Mujeres: el principal objetivo de la violencia del Estado

Por Mujeres en Lucha

Caracas, 7 de junio de 2021.- En la tercera semana de mayo el alcalde de la sureña región minera de El Callao, en el estado Bolívar, fue increpado por un grupo de personas que denunciaban que los comercio del sector no aceptaba el pago con moneda venezolana.

En un escenario de malestar y dolor, una mujer de 29 años de edad, Dorialcelly del Valle Martínez Tocuyo, desafió la autoridad de un alcalde del Psuv, Alberto Hurtado. En un reclamo por hambre, por angustia, por impotencia Dorialcelly gritó lo que a todas luces se sabe en este pueblo donde el oro es la moneda de los poderosos: “estoy cansada de que mis hijos me pidan que comer y no tener que darles, mientras ustedes disfrutan del dinero, manejan centros de prostitución y se burlan de nosotros…”

La vida parece valer poco donde las normas legales y jurídicas no cuentan, así que reclamar se convierte en un acto subversivo ante un gobierno que se ampara en la represión de la protesta, tal como sucedió a Dorialcelly del Valle Martínez Tocuyo quien luego del reclamo público del evento del 24 de mayo, vivió junto a su amiga Martha Liliana Aristizabal, el terror de la persecución, el miedo y la angustia.

El jueves 3 de junio los cuerpos sin vida de Dorialcelly del Valle y Martha Liliana, fueron encontrados asesinadas detrás de una casa, en el municipio El Callao, sector La Iguana vía El Chocó, con múltiples disparos y evidentes signos de tortura.

A diferencia de otros femicidios el de estas mujeres fue ampliamente divulgado por las redes sociales. Dorialcely tuvo la oportunidad de ser vista y escuchada por muchas personas. Varios vídeos tomados desde los celulares de los asistentes a la protesta del 24 de mayo se difundieron dentro y fuera del país. Audios y mensajes de textos de ella denunciaban su miedo ante las amenazas de muerte, acusaba al alcalde y a su círculo cercano por si algo le pasaba y así, valiéndose de una supuesta superioridad masculina, se producía este crimen de odio hacia dos mujeres.

Queda en evidencia la criminalización de la protesta que es más cruenta para las mujeres. Mujeres solas, madres de familia, que realizan labores diarias y superan con dificultad toda clase de obstáculos para llevar el alimento a sus hogares. Perder la vida en estas circunstancias significa también dejar en orfandad a cuatro niños, los hijos de Dorialcelly, hoy víctimas sin rostro del feminicidio de su mamá.

Las redes sociales han reaccionado desde el día 4 de junio, grupos feministas, organizaciones políticas, individualidades de múltiples tendencias se han manifestado ante un nuevo hecho que nos muestra cómo algunas autoridades han usado el ejercicio del poder en beneficio propio, generando negocios ilícitos y sometiendo a las poblaciones donde ellos “mandan” a condiciones de vida difíciles de superar.

La solidaridad de género, logró ubicar como número uno la tendencia #ElCallao y #NiUnaMenos, el día viernes. Ante la presión social en redes y diversos medios de comunicación, el fiscal general de la República, Tarek William Saab, se vio forzado a pronunciarse vía twitter, anunciando la designación del fiscal 5to. del Ministerio Público para investigar el “homicidio” de estas dos mujeres.

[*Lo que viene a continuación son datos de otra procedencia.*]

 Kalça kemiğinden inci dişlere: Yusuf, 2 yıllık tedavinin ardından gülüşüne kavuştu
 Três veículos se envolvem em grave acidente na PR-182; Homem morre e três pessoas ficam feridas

Es importante aclarar en caso que el fiscal general lo desconozca o pretenda confundir a la población que no se trató de homicidio común, ya que, torturar y asesinar a tiros a dos mujeres, justo el día después que una de ellas denunciara en un acto público directamente al alcalde de El Callao, por la precariedad a la que están sometidas, especialmente las mujeres trabajadoras de los sectores populares en contrate con la opulencia y prepotencia de las autoridades gubernamentales, es una clara evidencia que se trató de un crimen de odio por su condición de mujeres, lo cual está claramente tipificado en la ley como femicidio. Agravado además por tratarse de una retaliación política por las denuncias proferidas por ambas mujeres contra el alcalde, en el marco de la protesta que se desarrollaba.

Junto a otras organizaciones feministas en Venezuela exigimos que se investigue de manera imparcial y a profundidad hasta apresar a los autores intelectuales y materiales del hecho.

Como Mujeres en Lucha resaltamos que hace falta una política integral que impida que los feminicidios sigan en aumento, como ha venido sucediendo en al menos los últimos dos años.

Es preciso dar fin a la criminalización de la protesta, es un derecho que podamos manifestar sin miedo el descontento ante el hambre y la precariedad económica que nos agobia, para ello es imprescindible que esta y tantas otras investigaciones no queden impunes.